*WHAT IS REQUIRED*. If a picture appears in the records, leave it out and transcribe the rest exactly.

Captioned web images

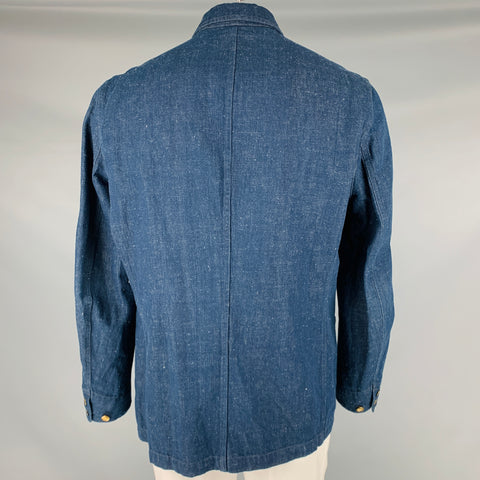 RRL by RALPH LAUREN Size XL Heather Indigo Cotton Notch Lapel Sport Coat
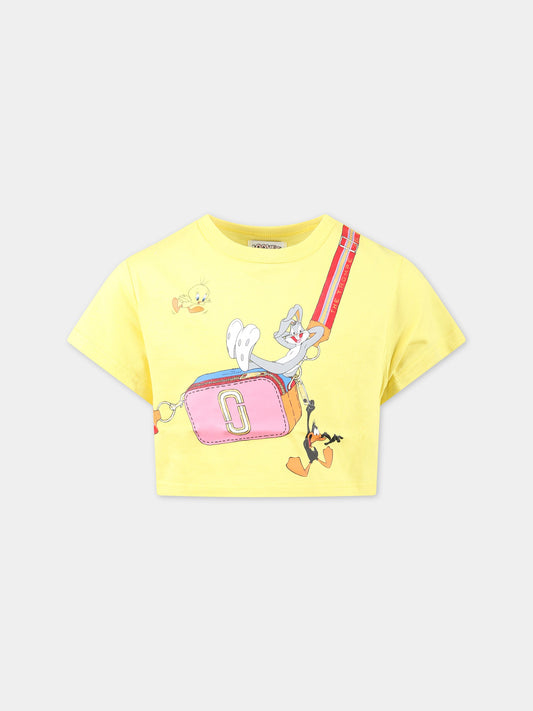 T-shirt gialla per bambina con stampa,Little Marc Jacobs,W55015 508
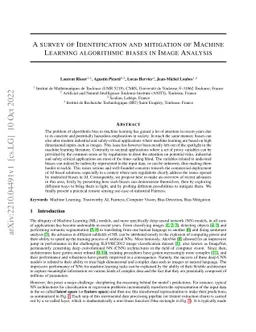 A survey of Identification and mitigation of Machine Learning
  algorithmic biases in Image Analysis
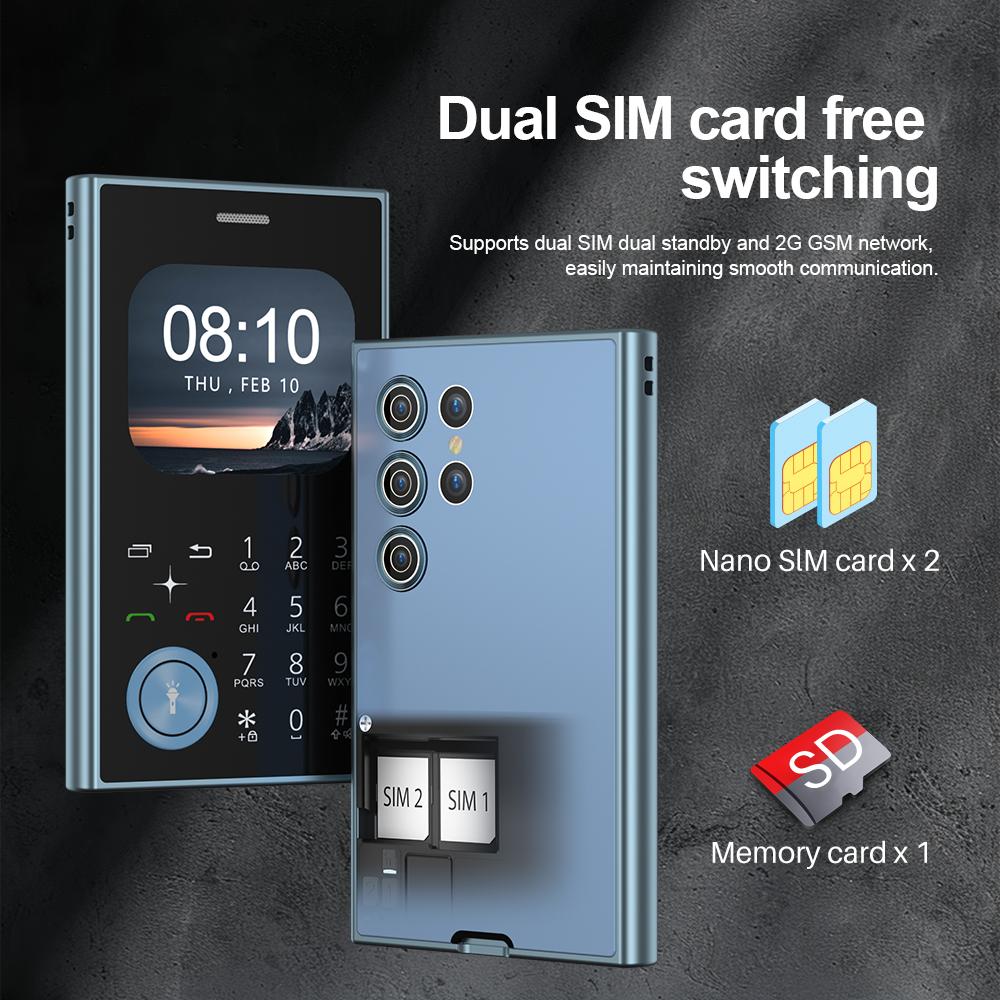 Dviejų SIM madingų mygtukų mini mobilusis telefonas 2G GSM sparčiojo rinkimo Magic Voice Nešiojamoji funkcija Mobilieji telefonai 3,5 mm prievadas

*SOLUTION TO THIS TASK*.
 RRL by RALPH LAUREN Size XL Heather Indigo Cotton Notch Lapel Sport Coat
 T-shirt gialla per bambina con stampa,Little Marc Jacobs,W55015 508
 A survey of Identification and mitigation of Machine Learning
  algorithmic biases in Image Analysis
 Dviejų SIM madingų mygtukų mini mobilusis telefonas 2G GSM sparčiojo rinkimo Magic Voice Nešiojamoji funkcija Mobilieji telefonai 3,5 mm prievadas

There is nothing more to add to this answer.